Personal Injury Law
What is a public figure and why is that important to defamation law?
Plaintiffs in defamation cases have different burdens of proof depending on their status. If a plaintiff is considered to be a public official or a public figure, he or she must prove that the defendant acted with actual malice, which means that the defendant acted knowing the statement in question was false or acted in reckless disregard as to whether the statement was true or false.
However, if a plaintiff suing for defamation is only a private figure, then he or she generally must prove only negligence or fault.
The rationale behind the public official or public figure rationale is two-fold.
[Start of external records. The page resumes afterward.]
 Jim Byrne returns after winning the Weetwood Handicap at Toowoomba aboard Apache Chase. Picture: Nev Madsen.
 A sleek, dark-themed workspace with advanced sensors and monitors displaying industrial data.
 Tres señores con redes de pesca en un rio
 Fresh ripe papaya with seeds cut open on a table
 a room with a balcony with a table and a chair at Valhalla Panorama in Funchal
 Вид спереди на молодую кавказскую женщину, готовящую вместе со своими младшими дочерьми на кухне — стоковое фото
First, the thinking is that public officials and public figures can more easily counter false statements about them than can private figures. For example, if a tabloid newspaper defames Tom Cruise, he and his public relations people can call a press conference and refute the allegations. However, if someone defames David Hudson, the author of this book, it would be much more difficult for him to counter false allegations.
The second rationale for the different treatment of public and private figures concerns accepting the aspects of fame. Famous people must expect that with fame and public acclaim will come some negative aspects as well.
Another rationale—perhaps even more strongly rooted in the law—is that people should have a strong First Amendment (freedom of expression) right to speak about public issues and that punishing them for every single error would chill free expression. This reasoning led the U.S. Supreme Court to adopt the public official rule in defamation cases in New York Times Co. v. Sullivan (1964).